To Be Judged or Not To Be Judged
I was on my way to deliver a bid for a 2 million dollar contract to a State Department located in the Forum Place building. There are a number of professional agencies and businesses located in the Forum Place building including the Office of Social Security. I was delivering the bid during the lunch hour so as I went into the building; I rolled right along side many other professionals. There is a security officer that all visitors must pass. Bid in hand, I rolled into the building with a trail of other visitors. As we passed the security officer, he looked at me and said, “The Social Security Office is over this way”. I politely told him I was not going to the Social Security Office. He apologized and I went on. I then realized that he had singled me out because of my wheelchair and assumed I was looking for this office to apply for disability or public assistance. Why couldn’t I just be recognized as every other professional or visitor entering into that building, as a person of worth? Instead I was singled out and directed to the Social Security Office. Some may say I am making too much out of this situation. I wish that were the case!

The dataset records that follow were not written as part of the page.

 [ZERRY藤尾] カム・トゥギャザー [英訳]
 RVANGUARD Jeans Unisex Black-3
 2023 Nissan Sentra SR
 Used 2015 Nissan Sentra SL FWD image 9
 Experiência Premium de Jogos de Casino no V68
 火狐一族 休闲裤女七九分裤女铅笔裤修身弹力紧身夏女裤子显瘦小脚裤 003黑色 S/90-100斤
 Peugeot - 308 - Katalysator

A few weeks ago in Philadelphia, a major disability organization invited all the candidates for Governor to a forum where people with disabilities, along with other advocates could ask the candidates questions to determine their position on issues facing people with disabilities. This makes sense, right? After all, people with disabilities make up one of the largest voting blocks in the United States. When one of the candidates was asked by the Patriot News why he didn’t show up, the candidate stated, “Why would I? My guess is that these people want money.”
Myth #11: People with disabilities are a burden on society.
Reality: This is very far from the truth. Every day people with disabilities, from all walks of life, contribute significantly to the betterment of society.
Unfortunately, society’s opinion about people with disabilities comes from the fact that negative images devaluing persons with disabilities infiltrate today’s literature, movies, news media and television. People with disabilities are portrayed, at best, as having lives no one wants and, at worst, as freaks or deviants. Rarely are they depicted as empowered people with much to contribute to the world around them. Personally, I believe we give a great deal more than we take!
In closing, let me borrow some wisdom from the great philosopher, Martin Luther King – “Let us not be judged by our misshapen bodies, the wheelchairs we use, or our missing limbs, or by the misconceptions held by society, but let us be judged by our character and what we have done to make this world more inclusive for all members of society, including those with disabilities.”